Performing data validation v7

The current working directory from which you invoke the Data Validator script runValidation.sh (runValidation.bat for Windows) must be the bin subdirectory containing the script (that is, XDB_HOME/bin).

For example, if the Replication Server is installed in its default directory location, then issue the following command before invoking the Data Validator:

cd /usr/edb/xdb/bin

Similarly for Windows hosts, issue the following:

cd C:\Program Files\edb\EnterpriseDB-xDBReplicationServer\bin

The general command format for invoking the Data Validator is the following:

./runValidation.sh { –ss | --source-schema } schema_name
  [ option ] ...

schema_name is the name of the schema in the source database containing the tables to validate.

For Windows hosts, the command format is the following:

runValidation { –ss | --source-schema } schema_name
  [ option ] ...

The following option displays the Data Validator version:

./runValidation.sh { –v | --version }

On Linux the version is displayed as follows:

$ ./runValidation.sh --version
EnterpriseDB DataValidator Build 3

On Windows the version is displayed as follows:

C:\Program Files\edb\EnterpriseDB-xDBReplicationServer\bin>runValidation -v
EnterpriseDB DataValidator Build 3

The following option displays the help information.

./runValidation.sh { –h | --help }

For example,

$ ./runValidation.sh --help
Usage:
   runValidation.sh (-v  | --version) | (-h | --help)
   runValidation.sh (-ss | --source-schema) SOURCE_SCHEMA [OPTIONS] CONNECTION_INFO_FILE

OPTIONS:

   (-ts | --target-schema)   target-schema-name
   (-it | --include-tables)  comma-seperated-tables-name
   (-et | --exclude-tables)  comma-seperated-tables-name

   (-ld | --logging-dir)     logging-dir-path
   (-ds  | --display-summary) (true|false)
   (-srs | --skip-rowsonlyin-source) (true|false)
   (-srt | --skip-rowsonlyin-target) (true|false)
   (-srb | --skip-rowsin-both) (true|false)
   (-fs  | --fetch-size) row count
   (-bs  | --batch-size) row count

   (-sdbms | --source-dbms)     source database type
   (-sh | --source-host) source database server name/IP
   (-sp | --source-port) source database server port
   (-sdb | --source-database)     source database name
   (-su | --source-user) source database user id
   (-spw | --source-password) source database user password
   (-tdbms | --target-dbms)     target database type
   (-th | --target-host) target database server name/IP
   (-tp | --target-port) target database server port
   (-tdb | --target-database)     target database name
   (-tu | --target-user) target database user id
   (-tpw | --target-password) target database user password
   (-uoc | --use-ora-case) use oracle (upper) case for table name
New enhancement

The --use-ora-case option is available in Replication Server 7.1 and later.

Note

Data Validator does not support column mapping. With custom column mapping, table columns in the source and target databases can have different data types. As a result, the Data Validator is not able to validate the data when column mapping is applied.

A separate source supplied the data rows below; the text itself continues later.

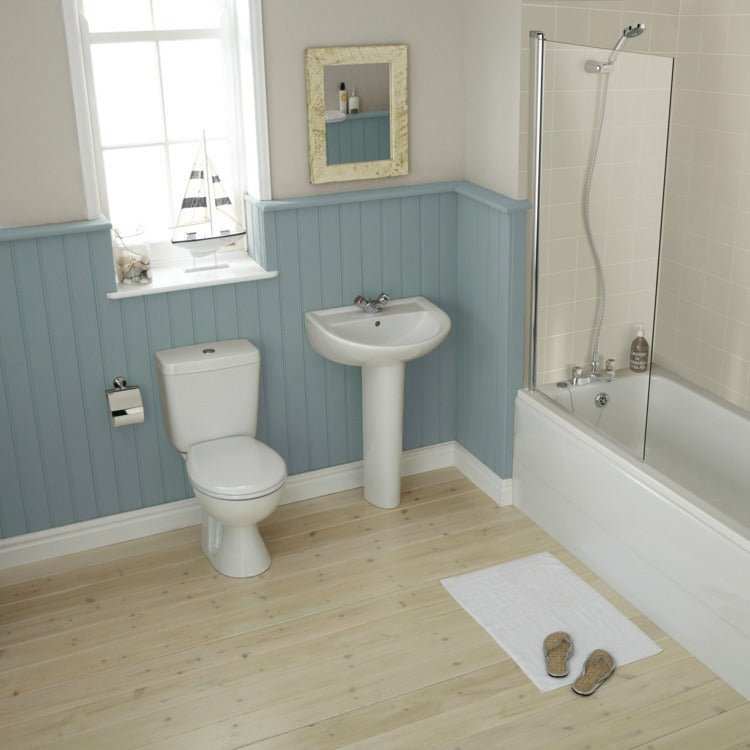 Armitage Shanks Sandringham 21 close coupled white toilet pan in modern bathroom with sink and bathtub
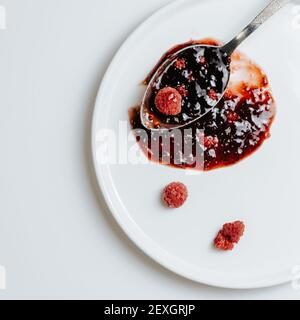 Spoon of raspberry jam on a white plate with frozen berries Stock Photo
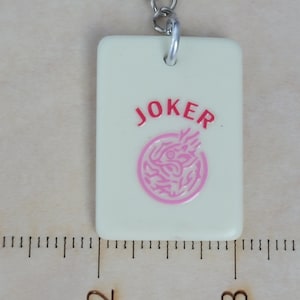 May include: A rectangular, off-white keychain charm with the word "JOKER" in red and a pink circular design. The charm is attached to a silver-colored metal keyring. The charm measures approximately 1 inch in length.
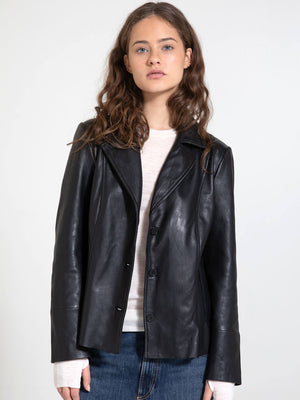 A stylish black leather jacket from MEOTINE, featuring a tailored fit and button closure, worn by a model with wavy hair.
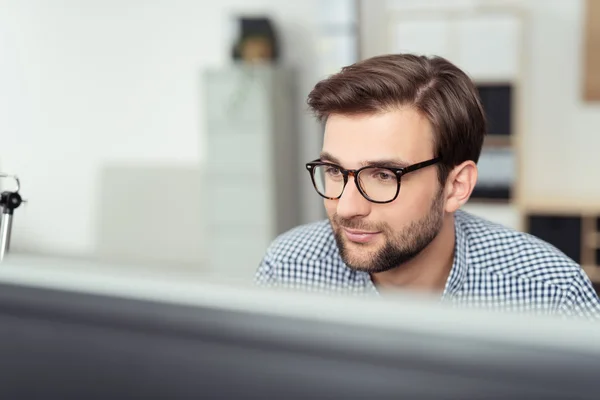 Бізнесмен на своєму столі обличчям до екрану комп'ютера — стокове фото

The general syntax for all options except for --version and --help is shown by the following:

./runValidation.sh –ss schema
  [ -ts schema ]
  [ -it table_1 [,table_2 ] ... ]
  [ -et table_1 [,table_2 ] ... ]
  [ -srs { true | false } ]
  [ -srt { true | false } ]
  [ -srb { true | false } ]
  [ -ld log_directory_path ]
  [ -ds { true | false } ]
  [ -sdbms database_type ]
  [ -sh host ]
  [ -sp port ]
  [ -sdb dbname ]
  [ -su user ]
  [ -spw password ]
  [ -tdbms database_type ]
  [ -th host ]
  [ -tp port ]
  [ -tdb dbname ]
  [ -tu user ]
  [ -tpw password ]
  [ -bs row_count ]
  [ -fs row_count ]
  [ -uoc ]

For clarity, the syntax diagram shows only the single-character form of the option. The description of each option lists both the single-character and multi-character forms.

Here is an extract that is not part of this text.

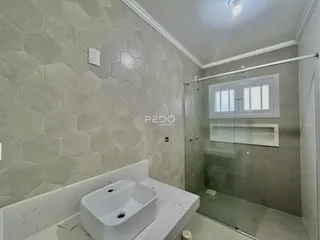 Foto de um banheiro com revestimento hexagonal e box de vidro.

Specifying any database connection option (-sdbms through -tpw listed in the syntax diagram) overrides the corresponding parameter in the datavalidator.properties file. See Installing and configuring the data validator for information on the datavalidator.properties file.

Options

-ss, --source-schema schema

The schema of the source database containing the tables to compare against the target database.

-ts, --target-schema schema

The schema of the target database containing the tables to compare against the source database. If omitted, the schema of the target database is the same schema as specified for the source database with the -ss option.

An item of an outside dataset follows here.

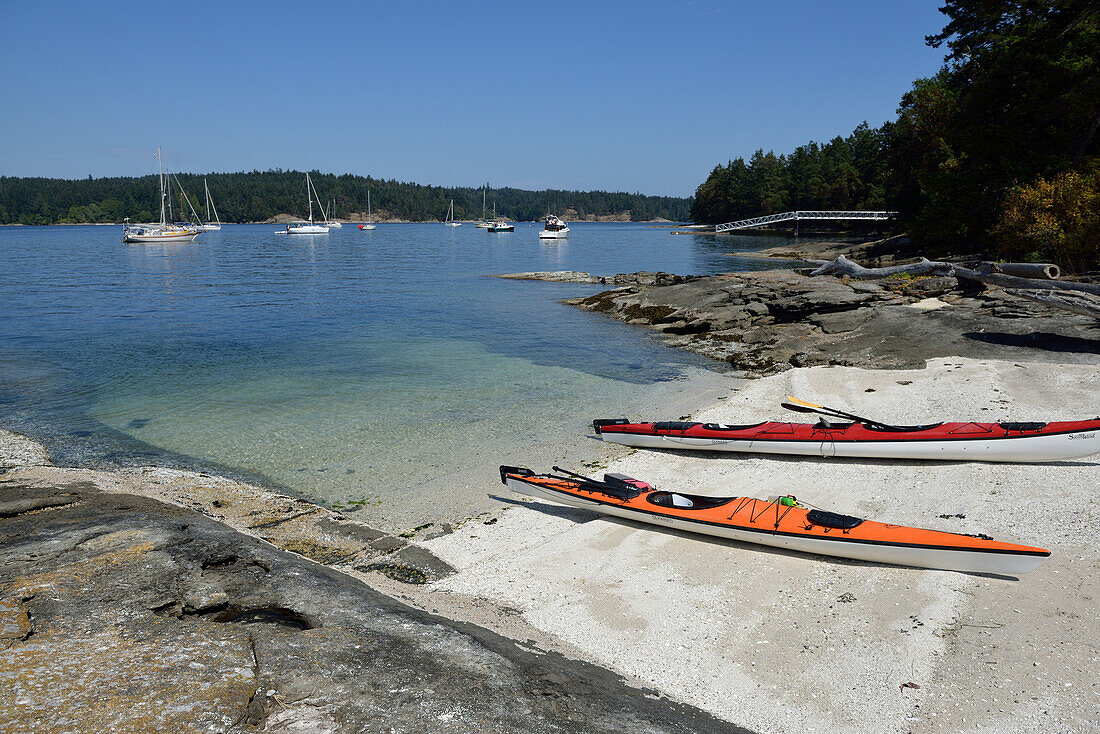 Canada, British Columbia, Russell Island. Kayaks on a shell beach in front of anchored boats.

-it, --include-tables table_1 [,table_2 ] ...

The tables in the source schema to include for comparison. If omitted, all tables in the source schema are compared against tables in the target schema. The exception is the tables excluded from comparison using the -et option. Don't use white space between the comma and table names.

-et, --exclude-tables table_1 [,table_2 ] ...

The tables in the source schema to exclude from comparison. If omitted, only those tables specified with the -it option are included for comparison. If both the -it and -et options are omitted, all source schema tables are included for comparison. Don't use white space between the comma and table names.

-srs, --skip-rowsonlyin-source { true | false }

When you specify true, the logging of differences for rows that exist only in the source database table are skipped. The default is false.

-srt, --skip-rowsonlyin-target { true | false }

When you specify true, the logging of differences for rows that exist only in the target database table are skipped. The default is false.

-srb, --skip-rowsin-both { true | false }

When you specify true, the logging of differences for rows:

  • That exist both in the source and target database tables
  • Have the same primary key
  • Have different non-primary key values

are skipped. The default is false.

-ld, --logging-dir log_directory_path

Directory path to create and store the Data Validator log and diff files. If log_directory_path doesn't exist, Data Validator attempts to create it. If a full directory path isn't specified log_directory_path is created or assumed to be located relative to the XDB_HOME/bin subdirectory where the runValidation.sh script is invoked. (That is, the logs directory is XDB_HOME/bin/log_directory_path.) Be sure the operating system account used to invoke the runValidation.sh script has the privileges to create the directory if needed or to create files in the specified directory. The default is the XDB_HOME/bin/logs directory.

-ds, --display-summary { true | false }

Specify true to display only the Data Validator summary. This value omits the source and target database connection information as well as the detailed breakdown of the results by source database table. Specify false to display all of the Data Validator results. The type and amount of information that is displayed at the command line console when the Data Validator is invoked is the same information that is also stored in the log file for that run. The default is false.

-sdbms, --source-dbms database_type

The type of the source database server. Supported types are oracle, enterprisedb, sqlserver, sybase, and mysql.

-sh, --source-host host

The IP address or server name of the host where the source database server is running.

-sp, --source-port port

The port number on which the source database server is listening for connections.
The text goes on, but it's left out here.